Could be a good game. Looks it, can you sell on the download games? If not discs all the way


----------



## Clean ocd (Mar 29, 2014)

stevobeavo said:


> Could be a good game. Looks it, can you sell on the download games? If not discs all the way


no can't sell on but i do know a way that you can get 2 games for the price of 1 , you do need a friend you trust tho :wave:


----------



## 20vKarlos (Aug 8, 2009)

WTF did I just watch


----------



## Clancy (Jul 21, 2013)

20vKarlos said:


> WTF did I just watch


I did warn that he was annoying :lol:


----------



## Clancy (Jul 21, 2013)

Good video of online playing a zombie, looks similar to dead space 2 online but better






And a better normal video


----------



## Clancy (Jul 21, 2013)

Well that sucks, digit download only until the 27th of February

Wanted to play this next week


----------



## -Jamie- (Nov 6, 2012)

Clean ocd said:


> i have 70 odd games installed on my xbox one lol so yeah


You got a bigger HDD in yours or something?


----------



## Clean ocd (Mar 29, 2014)

-Jamie- said:


> You got a bigger HDD in yours or something?


external hd plugged in 4tb


----------



## xJay1337 (Jul 20, 2012)

Clancy said:


> Well that sucks, digit download only until the 27th of February
> 
> Wanted to play this next week


WTF!

That's well crap.

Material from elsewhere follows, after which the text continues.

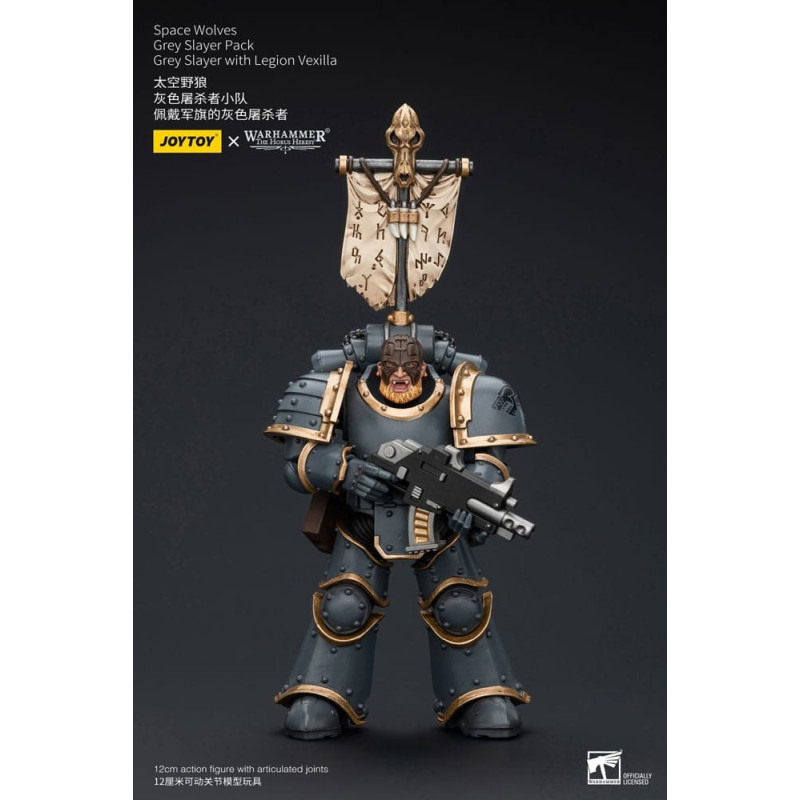 WARHAMMER HORUS HERESY SPACE WOLVES GREY SLAYER WITH LEGION VEXILLA 12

The kind of sh*t that makes me want to torrent.......


----------



## Clean ocd (Mar 29, 2014)

digital download ps4 get it 28th jan , xbox get it 30th jan and physical copies is feb


----------



## Clancy (Jul 21, 2013)

You played it yet ocd? What's your opinion on it


----------



## -Jamie- (Nov 6, 2012)

Main story is a bit meh, gameplay seems decent enough

I'll get my own copy when its cheap though


----------



## xJay1337 (Jul 20, 2012)

I pre-ordered a special edition one with some additional packs etc for £38.
I did some googling and Digital Download is £55????


----------



## Clancy (Jul 21, 2013)

Yeah I really don't get the download costs, most games are far more expensive to download than to buy

Exactly why I'm waiting till disc version is out


----------



## xJay1337 (Jul 20, 2012)

In my opinion they should half the price of games when digital download.
Assume a game is 20gigs , how many people still have a download limit (albeit a 50gig one for example)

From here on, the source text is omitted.